Matteo Salvini in questi giorni ha oscillato molto, il che sembra indicare che si senta obbligato a scegliere tra due diverse prospettive politiche. Una, tutta interna al recinto nazionale, consiste nella competizione con Giorgia Meloni per il primato nel centrodestra. Però, se si fa a gara a chi strilla di più, è evidente il vantaggio di cui gode chi sta all’opposizione rispetto a chi alla fine deve accettare le mediazioni all’interno della maggioranza di governo. L’altra prospettiva, invece, potrebbe nascere da una riconsiderazione della collocazione internazionale, soprattutto europea, della Lega.

In questo campo si è di fronte a una novità di cui ancora non si apprezzano le effettive dimensioni: lo spostamento a destra della Cdu e quindi del Partito popolare europeo. La tattica suggerita già da un anno da Giancarlo Giorgetti, quella di far aderire la Lega al Ppe, rischiava di fallire per un veto tedesco, che ora è assai improbabile. Scegliere questa strada, sia direttamente sia attraverso quella federazione con Forza Italia di cui si era parlato nei mesi scorsi, permetterebbe a Salvini di chiudere l’intesa per la salita di Mario Draghi al Quirinale, senza temere che dopo le elezioni si creino ostacoli, dall’interno e dall’estero, alla sua candidatura a premier a causa di dubbi sulla sua affidabilità europeista. Da un altro punto di vista, la collocazione internazionale della Lega, che cercava un avallo americano ai tempi di Donald Trump, ora ha bisogno di nuovi ancoraggi. Del resto la borghesia produttiva del nord, che resta il punto di riferimento sociale fondamentale della Lega, può essere spinta verso atteggiamenti euroscettici su specifiche questioni, ma nel complesso si sente ancora integrata nel sistema economico e di scambi governato dalle istituzioni europee.

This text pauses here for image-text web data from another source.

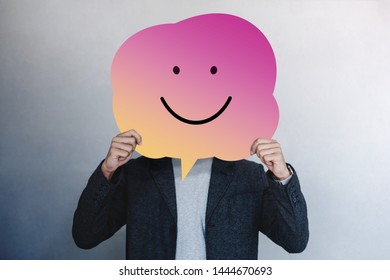 Customer Experience or Human Emotional Concept. Man Presenting his Happy Feeling by Drawn Line Cartoon Face on Speech Bubble Card - Shutterstock ID 1444670693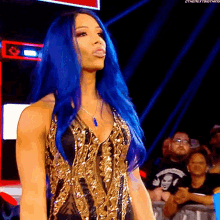 a woman with blue hair is wearing a gold dress and a necklace .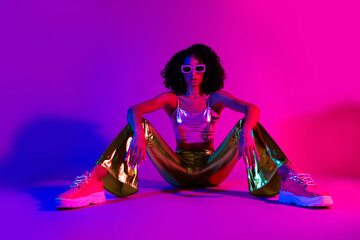Stylish young woman in vibrant neon fashion posing confidently under purple and pink lighting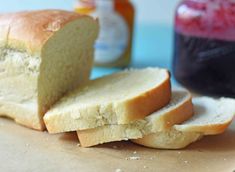 a loaf of bread sitting on top of a cutting board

E proprio Mario Draghi ha mostrato come si può essere profondamente europeisti e proprio per questo rivendicare cambiamenti rilevanti nella politica concretamente praticata dall’Unione. Toccherà al governo in carica nella prossima legislatura il compito non facile di migliorare il patto di stabilità e crescita, e naturalmente avrà più possibilità di incidere un esecutivo non sospettato di un atteggiamento euroscettico pregiudiziale. I dubbi di Salvini, sul rischio che questa scelta venga interpretata come un cedimento e una rinuncia alle posizioni precedenti, sono comprensibili e anche da questo probabilmente originano le sue recenti oscillazioni. Tuttavia i cambiamenti che si sono verificati in Germania e in America richiedono un riposizionamento anche per ragioni oggettive e ogni politico di un qualche valore sa che ogni scelta deve confrontarsi con la realtà in mutamento, altrimenti la coerenza si trasforma in vacua testardaggine.